У поэтов ничего не случается просто так. Создатель каждого выращивает вдумчиво, посылая именно те испытания, которые необходимы для его дара. Шьёт ему дело. Нет, кроит ему персональную судьбу. С выдумкой. Зачем Олегу Григорьеву выпал путь на дно, а не наверх? Зачем его, маленького и детского, туда, в гущу? А вот чтобы проникся, чтобы впитал. Чтобы посмотрел своим детским взглядом из мужского тела на то, как всё устроено в этой грубой взрослой жизни, наверное. Чтобы назвал то, что видит своим точным, ярким языком. У него ведь правда удивительно ёмкий язык. Он умел играть с языком в лучших традициях обэриутов, с которыми его вечно сравнивают (а больше вроде бы и сравнивать не с кем), со словами и смыслами, с фонетическими созвучиями. Как ребёнок.
Любят русских поэтов ссылать на Русский Север, что уж скажешь. Олег Григорьев, кстати, и там не растворился в грубом быте, не стал своим среди уголовников. К нему не прилипло.
Жили мы тесным кругом,
Стоя на двух ногах.
То, что хотели сказать друг другу,
Было выколото на руках.
Забавный и очень его, Григорьева, характеризующий факт: там, в вологодских лесах, он собрал коллекцию ...северных бабочек. Отличная коллекция, кстати, была, серьёзная и ценная. Её даже хотела приобрести Академия наук, да так и не сложилось. И она потом сгинула, как и всё у него. То ли пропил, то ли потерял во время своих постоянных переездов с одного временного жилья в другое временное случайное жильё, то ли украли или выкинули друзья-собутыльники.
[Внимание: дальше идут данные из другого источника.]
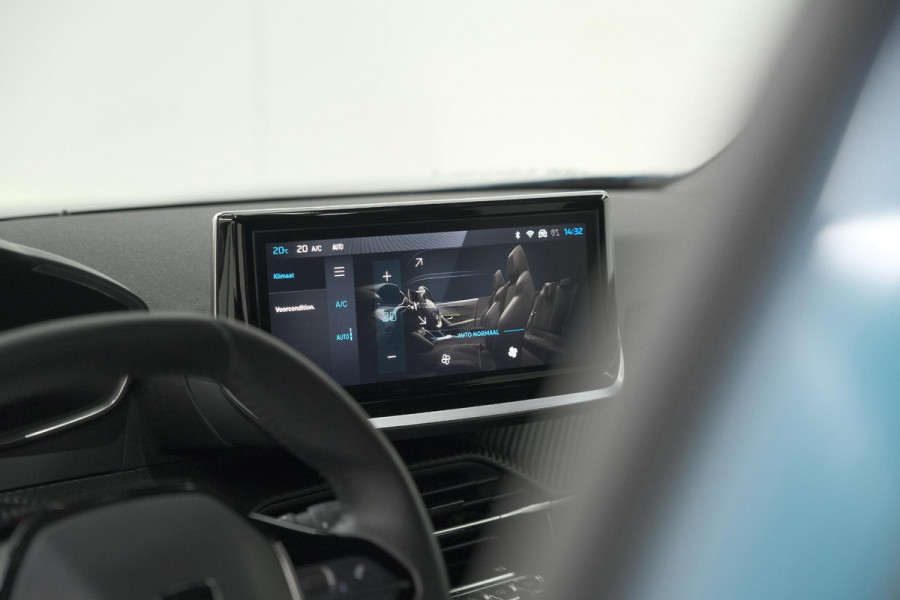 Peugeot e-2008 EV Allure 54 kWh | 11 KW Lader | Apple Carplay | Parkeersensoren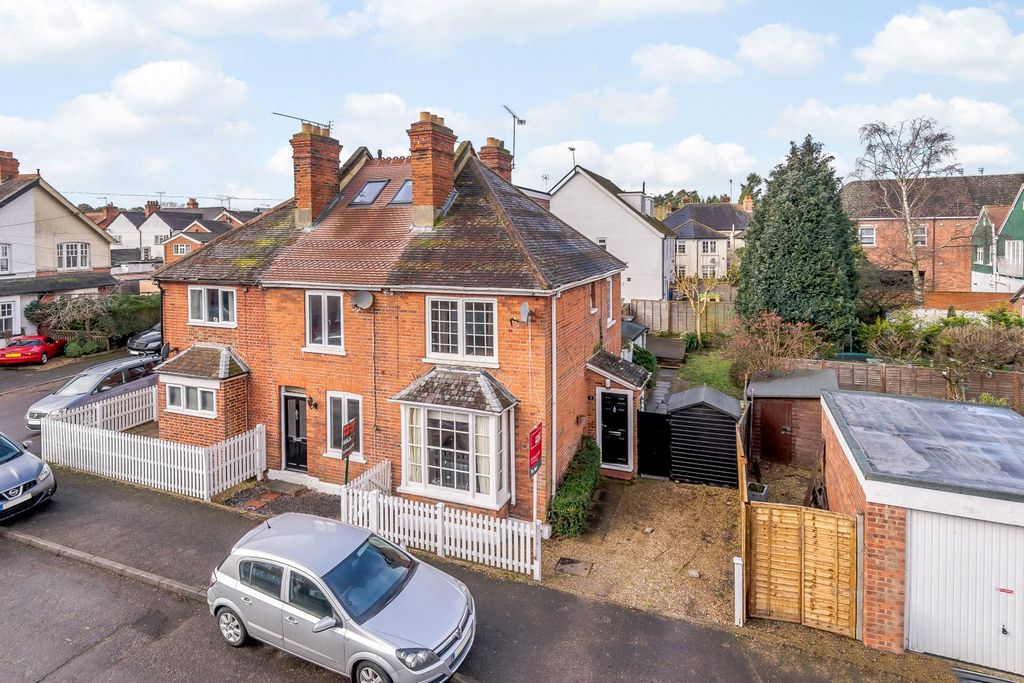 Property photo 1 of 11 Front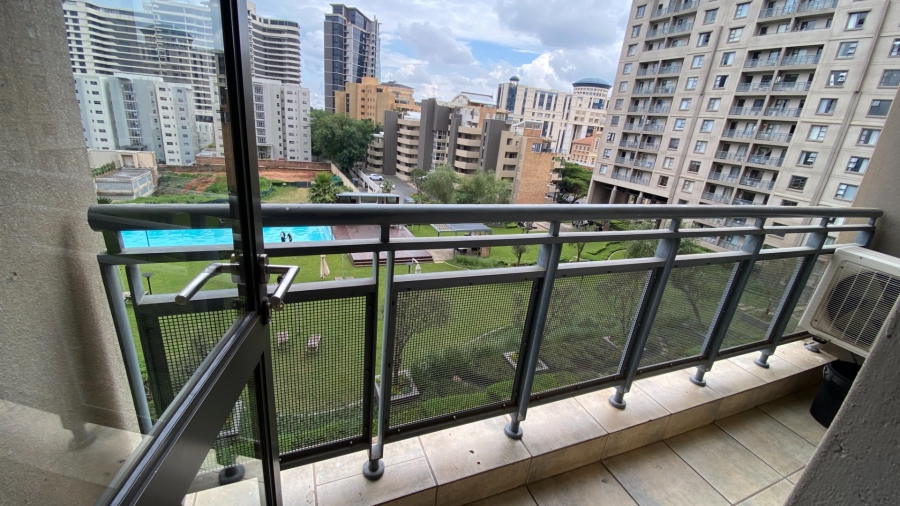 To Let 2 Bedroom Property for Rent in Sandton Central Gauteng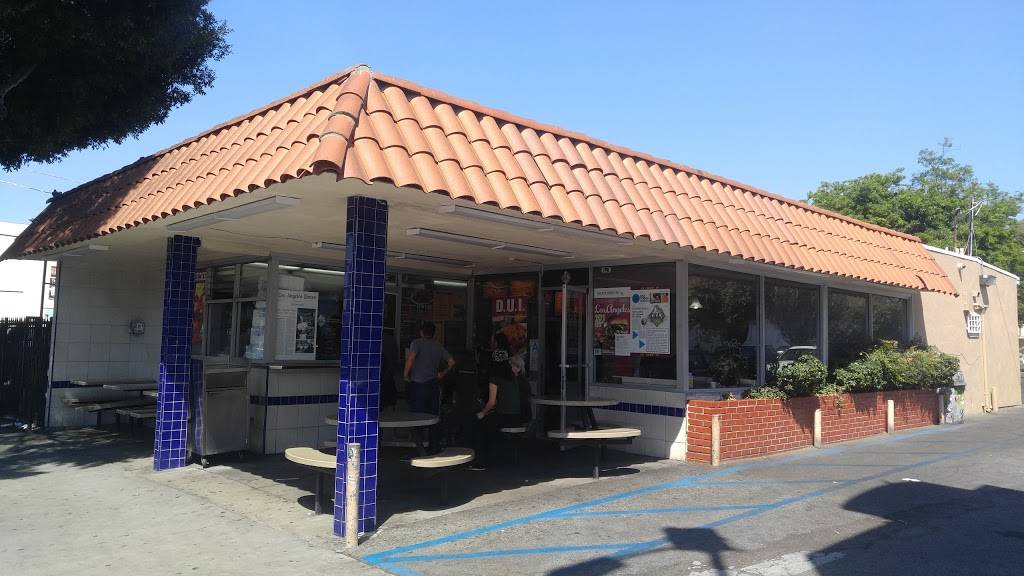 Dinos Chicken & Burgers | restaurant | 2575 Pico Blvd, Los Angeles, CA 90006, USA | 2133803554 OR +1 213-380-3554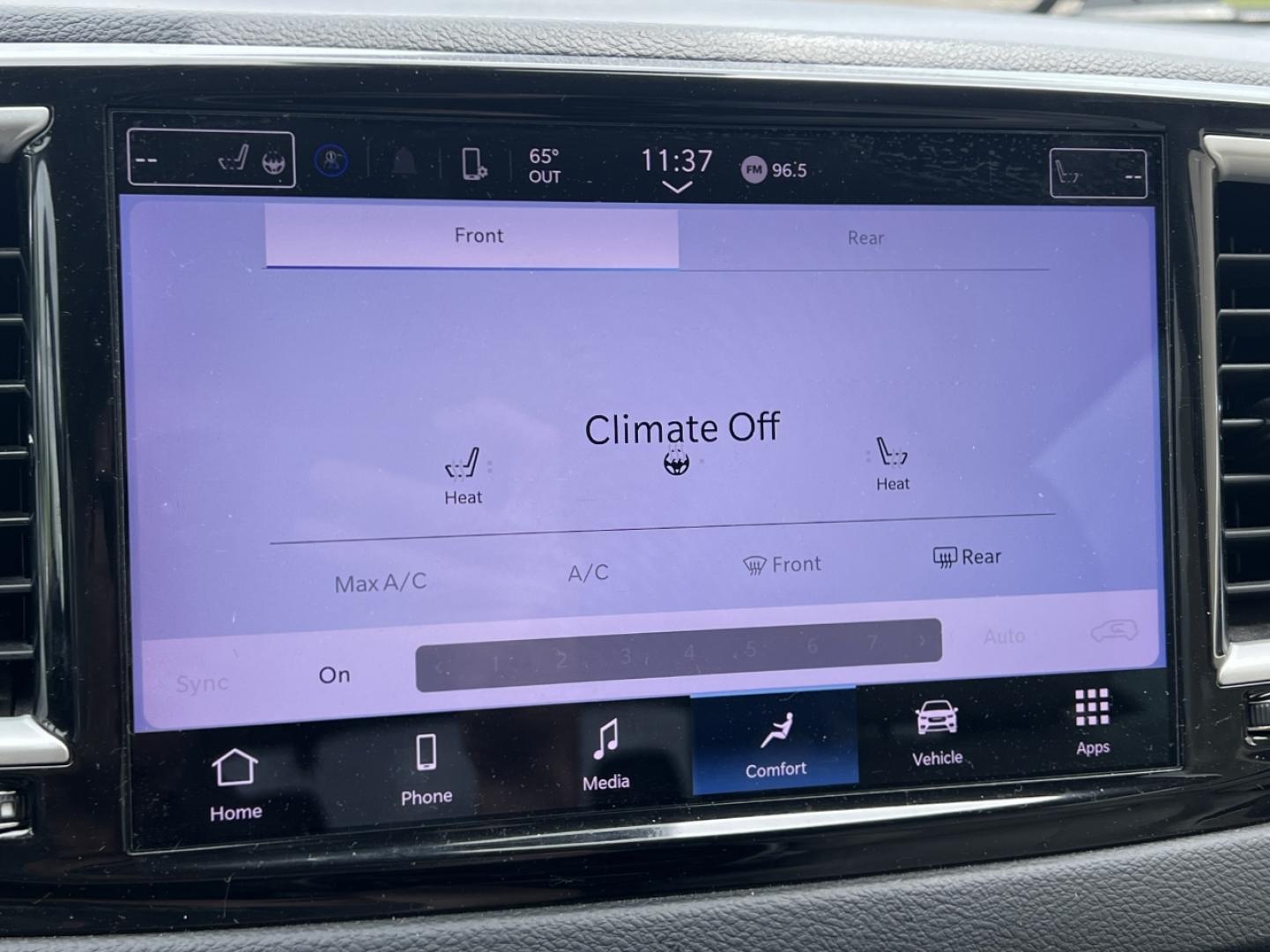 2021 SILVER /Tan Leather Chrysler Pacifica Touring-L (2C4RC1BG2MR) with an 3.6L V6 engine, Automatic transmission, located at 2990 Old Orchard Rd., Jackson, MO, 63755, 37.354214, -89.612106 - We have financing available and we accept trades! Fill out a credit application on our website or come by today! If you have any questions, give us a call at (573) 204-7777 or visit our website at firstautocredit.com. - Photo#3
Он, кстати, даже подумывал там, на Севере, после досрочного освобождения в 1975 году и остаться. Работа была, платили хорошо, жильё предоставляли, а в Ленинграде шничего не было - ни квартиры, ни работы, ни прописки... Но мама сказала - приезжай, пропишу к себе. И прописала.
Он вернулся в Ленинград и прожил с ней несколько ле г, тяжело прожил. Евгения Васильевна сетовала, что ходили всё к нему какие-то не вызывающие доверия люди, и что катился он и катился вниз, и не остановить было этого его движения на дно. И, вспоминая, с удивлением говорила, что почему-то оброс он чёрной страшной бородой, и, откуда она взялась-то, недоумевала. Он же всегда был светленький, симпатичный. В детстве люди на улицах подходили и говорили - ах, какой у вас хорошенький мальчик... И вдруг эта чёрная путаная борода... Откуда-откуда... Почернеешь от такой жизни, вот откуда.
Жил в моей жизни жилец,
Совсем на меня не похожий.
Когда пришёл мне конец,
Стал жить он в моей коже.
Но какая мать не помнит своего сына нежным ангелочком, не отказывается узнавать его потом в испитом, вонючем, бородатом... В чужом.
Ездил в Вышний Волочок,
Заводной купил волчок.
Дома, лёжа на полу,
Я кручу свою юлу.
Раньше жил один я, воя,
А теперь мы воем двое.
Музы
Жил и с этой, и с этой, и с той,
Вот и остался в квартире пустой.
Пьяный, нелепый, задрипанный, безденежный, практически бомж - а всё равно нравился женщинам! На самом деле трезвый он был, говорят все, знавшие его, прекрасен. Умный, тонкий, нежный, обходительный, интересный собеседник, ранимый... Он долго выглядел мальчишкой, врал, что ему семнадцать лет, а ему и верили. Невысокий, изящный, тонкокостный, лёгкий, лицо изящной лепки, а на лице - глаза, красивые, в длинных девичьих ресницах. Да ещё и поэт же! Ценитель женской красоты:
Пошёл я на утопленницу
К озеру смотреть.
С такой бы вот утопленницей
Вместе помереть.
Так что были у него подруги. Какой поэт без женщин! Правда, вспоминает кто-то, все тоже такие... пьющие. И все как одна - без передних зубов. Что они все у тебя беззубые-то? - спросил его кто-то из друзей. А он, хохоча, говорит: да понимаешь, они вечно падают мордой в асфальт.
Такие вот были музы.
Убитую у сквера
Припомнить не берусь я.
По наколкам - Вера,
А по шрамам - Дуся.
И вдруг появилась одна... Совсем не такая. Зубы целы, глаза большие, коса... Красивая. Ирина Терехова. Взяла и вышла за него замуж. Она знала, что он выпивает, конечно, но, как многие влюблённые женщины, переоценила свои силы. Ей казалось, что с ней он станет другим, что с её любящей помощью он исцелится. Она надеялась, что будет бороться за него, а подмогой ей будет его семья. Но его семья отстранилась, наверняка с облегчением. А сама она не смогла.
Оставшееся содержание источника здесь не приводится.